Source data: Begin

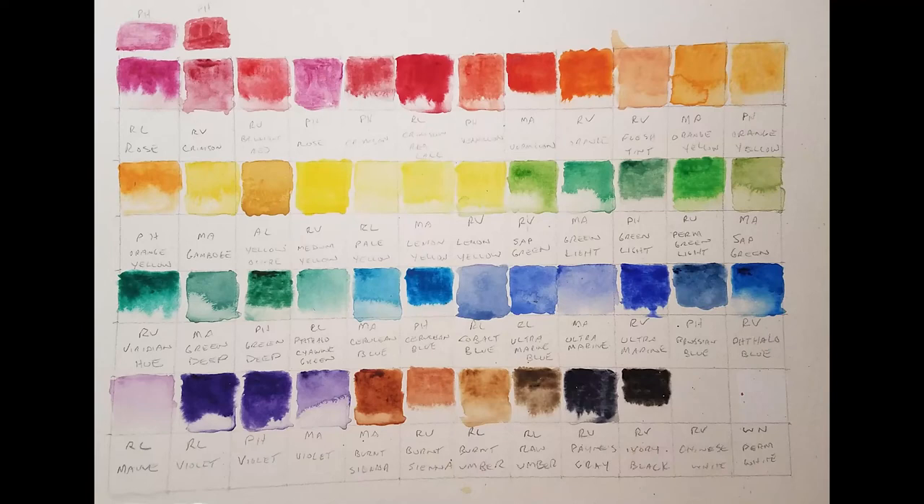I start with a Royal and Langnickel Rose, a Reeves Crimson, a Reeves Brilliant Red, a Phoenix Rose, a Phoenix Crimson, a Royal and Langnickel Crimson Lake, a Phoenix Vermilion, a Marie's Vermilion, a Reeves Orange, and one that I need to replace because the name really bothers me — a Reeves Flesh Tint.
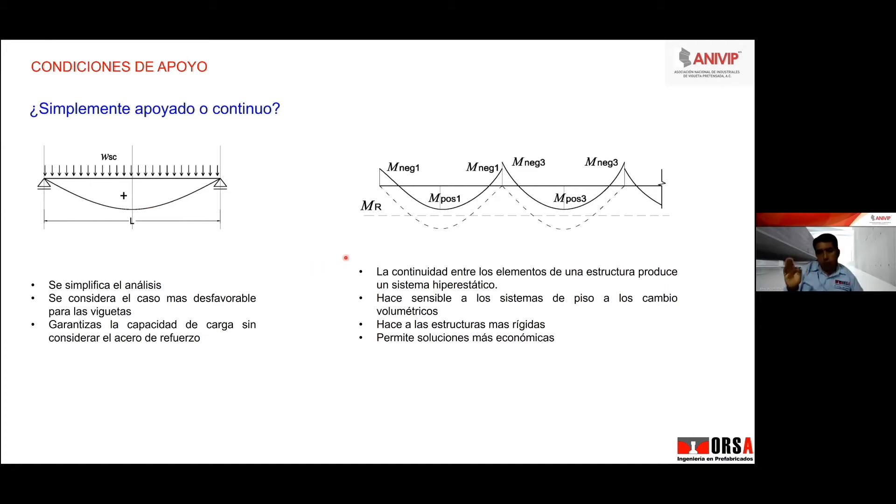Un sistema continuo te permite optimizar más la viga, asignas acero de refuerzo negativo y optimizas la viga; es un sistema más rígido. Pero no todo es tan fácil: ¿qué pasa si en obra no asignan el acero de refuerzo negativo? ¿Qué tal si en obra no hacen bien el proceso constructivo? Al no hacer bien el proceso constructivo, podemos comprometer la resistencia del elemento. Hay que tener mucho cuidado.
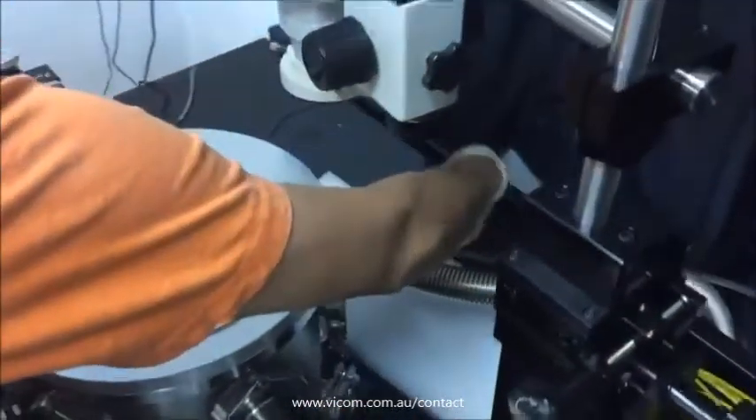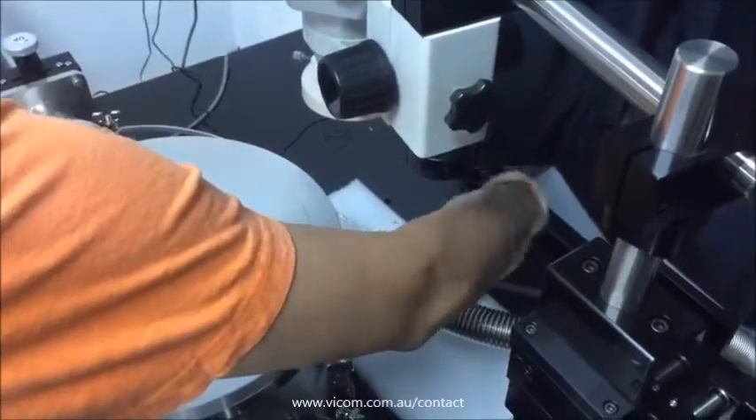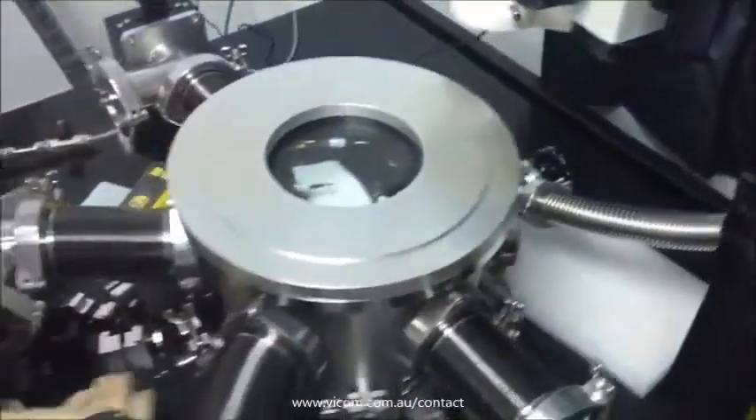Next, I will introduce the process of how to turn off the station after finishing the measurement. Close the broken isolation valve and open the knob for outgassing the chamber, allowing the pressure to return to air.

Source data: End

What is being asked: What is needed is a word-for-word copy of the data above, free of any images.

Task answer:
I start with a Royal and Langnickel Rose, a Reeves Crimson, a Reeves Brilliant Red, a Phoenix Rose, a Phoenix Crimson, a Royal and Langnickel Crimson Lake, a Phoenix Vermilion, a Marie's Vermilion, a Reeves Orange, and one that I need to replace because the name really bothers me — a Reeves Flesh Tint.
Un sistema continuo te permite optimizar más la viga, asignas acero de refuerzo negativo y optimizas la viga; es un sistema más rígido. Pero no todo es tan fácil: ¿qué pasa si en obra no asignan el acero de refuerzo negativo? ¿Qué tal si en obra no hacen bien el proceso constructivo? Al no hacer bien el proceso constructivo, podemos comprometer la resistencia del elemento. Hay que tener mucho cuidado.
Next, I will introduce the process of how to turn off the station after finishing the measurement. Close the broken isolation valve and open the knob for outgassing the chamber, allowing the pressure to return to air.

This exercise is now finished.